From Deployed to Debt Free


In 2017, my husband and I, recently newlyweds, faced his third deployment together. When we walk through season of times apart, we establish goals to work towards that help to find purpose and unity in hard circumstances. I recently became pregnant with our first child and carried a portion of my undergraduate student debt into our marriage. I was an Active Duty Army Officer at the time, transitioning to a stay at home parent in the coming June.

S.M.A.R.T Goals 

It is important to realistically assess your circumstances and capabilities when establishing a financial goal. At this time, we were a dual military couple, with access to dual incomes, facing the transition to one income in the coming year. We were preparing for our first child, a new financial chapter in our lives together. We sat down, prior to my husband’s departure, and wrote out our S.M.A.R.T. Goal.

Specific, Measurable, Achievable, Relevant, Time-Bound

Evaluate, Consolidate and Eliminate Debt

First, we evaluated our debt and utilized resources available to United States Service Members and beneficiaries. The interest rates on my federal student loans were above the  Servicemembers Civil Relief Act (SCRA) allowed maximum interest rate of 6%. I immediately contacted the federal student aid organizations and enacted my right to the SCRA.

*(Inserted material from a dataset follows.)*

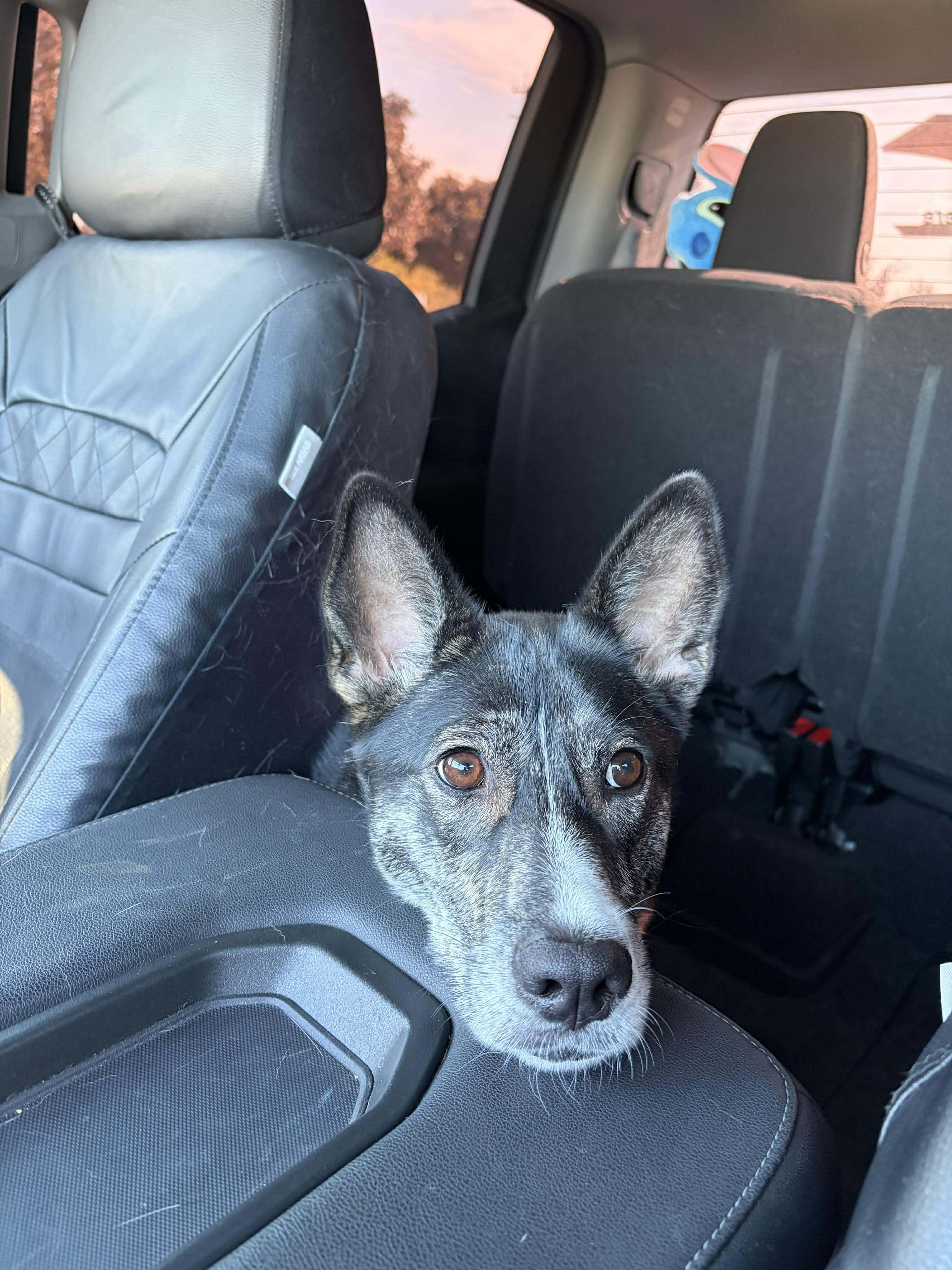 Birdie, a Adoptable mixed breed in Cheektowaga, NY image 2/6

Next, we contacted USAA to apply for the The USAA Career Starter Loan Program, offered to cadets and midshipmen commissioning through Army, Air Force, and Navy/Marines Reserve Office Training Corps (ROTC) or through Officer Candidate or Training School (OCS/OTS). This interest rate varies from 0.75% to 2.99%. We applied for this loan and once approved, immediately paid the federal student aid organizations, eliminating the 6% interest rate. Because of this consolidation and elimination, we were able to pay directly to USAA monthly, ultimately paying off the USAA Career Starter Loan. These resources available to us through USAA were vital to bettering our financial future.

Concurrently, we evaluated our lifestyle. We committed to living on one income, acknowledging we were in a season where this was realistic to our household, in preparation for our fast approaching transition to one income. We utilized the USAA free online budgeting tool, an actual life saver to tracking each dollar we saved versus spent!

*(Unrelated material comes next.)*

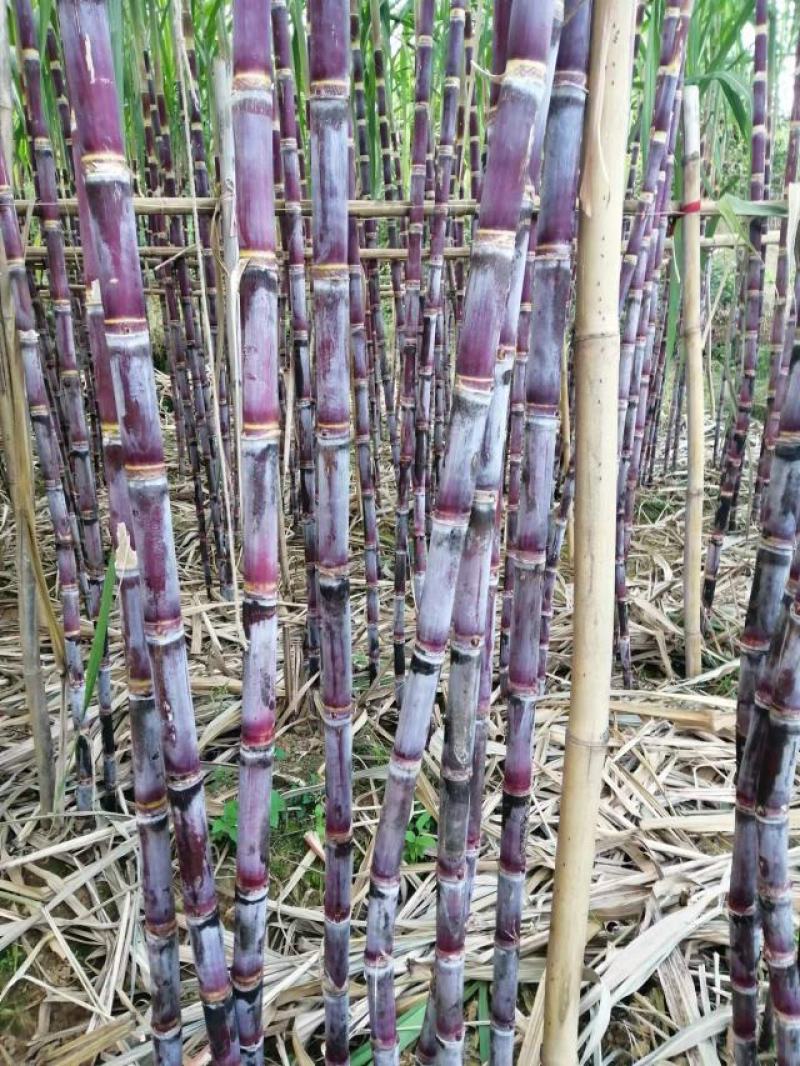 【优选】四川攀枝花红皮甘蔗都是农户手里的货，欢迎采购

I printed off free resources with graphics, hung them on our fridge. Each time we made a debt payment, I colored in a block! Finding what motivates you is key, I found motivation in seeing my small, steady results and this visual representation! 

Ultimately, we needed to eliminate wants in our life that directly contrasted our financial goals. We eliminated subscriptions, only temporarily, knowing once we were debt free, we could resubscribe. We came to learn about our marriage through these eliminations and found that a lot of subscriptions were not how we wanted to spend our limited time together. We utilized resources in our community, like thrift shops, libraries, borrowing from friends, trading on Buy Nothing groups, and ultimately learned to say no to say yes to achieving our financial goals.

I made our final debt payment two weeks prior to my husband’s return to the United States. We bettered our financial future and provided a purpose for us to work towards, even when apart.